* EXERCISE DATA *

┌──

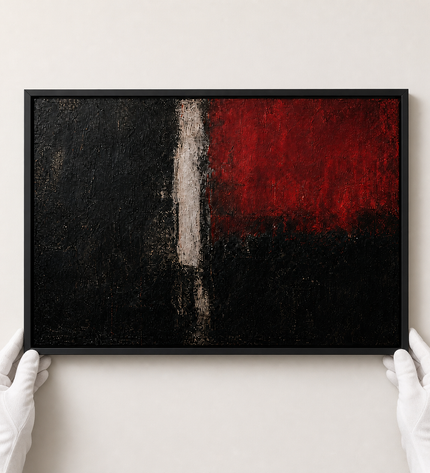 Crimson Divide — presented by a white-gloved art handler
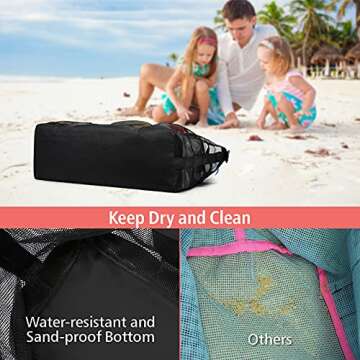 F-color Mesh Beach Bag with 9 Pockets for Ultimate Convenience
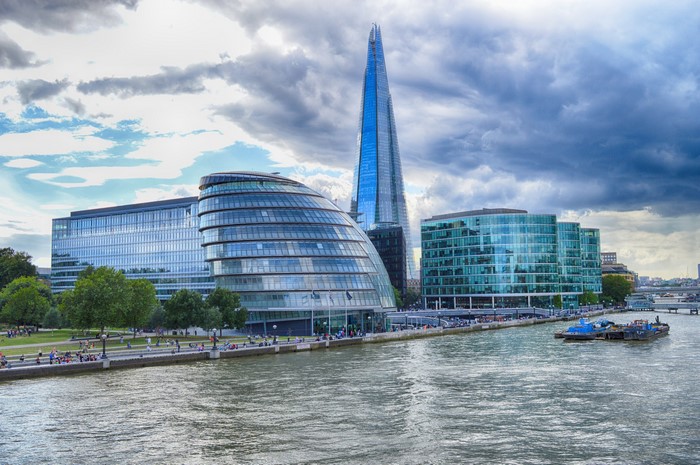 The Shard and City Hall on the Thames River in London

└──

* EXERCISE REQUIREMENTS *
Write the data above out again exactly, every line of it, and exclude the pictures.

* RESPONSE TO THE EXERCISE *
 Crimson Divide — presented by a white-gloved art handler
 F-color Mesh Beach Bag with 9 Pockets for Ultimate Convenience
 The Shard and City Hall on the Thames River in London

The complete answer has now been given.